Los buenos momentos no fueron en Terrassa ni en Palau, vinieron sin pagar entrada con licencia hasta que se arrasara el vinilo. Los buenos momentos fueron malos para unos vecinos sufridos que protestaron ("aquesta música que no s'entén", esgrimía el señor C.), que nos apedrearon más de dos y de tres veces y que nos pusieron truenos valencianos en la ventana, algunos con muy mala baba. Parecía existir una especie de cuenta corriente con su debe y con su haber, lo que era bueno para unos era malo para otros.

En la casa de por aquel entonces Corea estaba entre los predilectos. Buen jazz salpicado de heterodoxias, el artista se prodigaba en la experimentación, igual tocaba un Bösendorfer que un teclado eléctrico, incursionaba en la samba y el flamenco y hasta los estándares se presentaban con cabriolas sorprendentes, muy divertidas. Estábamos en la edad de oro que al señor C. ya se le había pasado como se nos ha pasado a nosotros, que hoy pensaríamos en el asesinato de tener unos vecinos tan ruidosos. Era un presente sin mañana. Risa, mucha risa. Ahora me cuesta imaginar qué cosa podía producirnos tanta risa. Cenas, bailoteo, la juerga permanente que decía Gato Pérez. Todos hemos sido rey del mambo en algún momento de nuestra vida, es esta una monarquía popular que más pronto que tarde nos convierte a todos en eméritos. No se concebía entonces una reunión de amigos sin tocata en perpetuo movimiento; un disco detrás de otro. Hasta para retozar con señoras y señoritas algunos poníamos un disco como preliminar; así, bien arropados por Corea alguna vez nos pareció que en lo amatorio rozábamos el virtuosismo del artista y nos otorgaban el cum laude. Corea: Return to forever.

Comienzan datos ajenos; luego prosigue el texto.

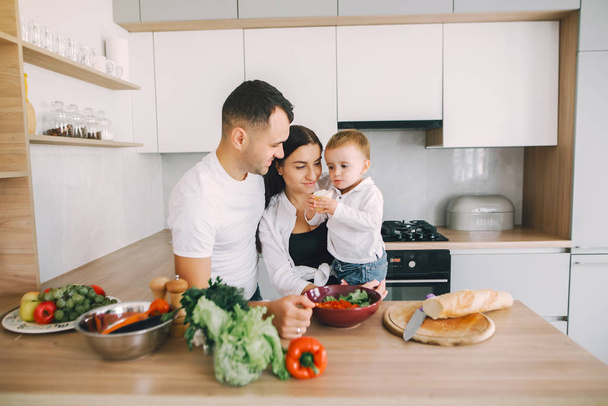 Family prepare the salad in a kitchen - Foto, Imagem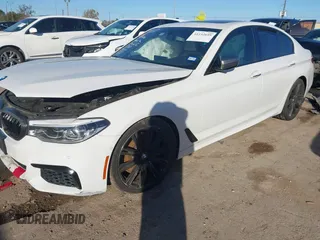 2018 BMW 5 Series M550i xDrive with VIN WBAJB9C54JB050218, listed as a IAAI auction lot 41132695 with 69,659 mi miles. Bid and sale history available at carsss.com. Image 16.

Nota bene 1. La Providencia ha querido que unos días después de marcharse el admirado Chick también se fuera Johnny Pacheco (Fania), otro destacado entre los gustos musicales de entonces y otra pesadilla del señor C. A este paso vamos a quedar en manos de raperos.

Nota bene 2. A raíz de estos recuerdos sin duda distorsionados por la memoria aleatoria, me he interesado por el precio actual de un Bösendorfer. Que no se desanime nadie, los hay desde 35.000 hasta 180.000 (consumada la modernidad y el europeísmo ya hablamos en euros); eso sí, la oferta incluye un viaje a Viena para probarlo en el auditorio que el fabricante pone a disposición.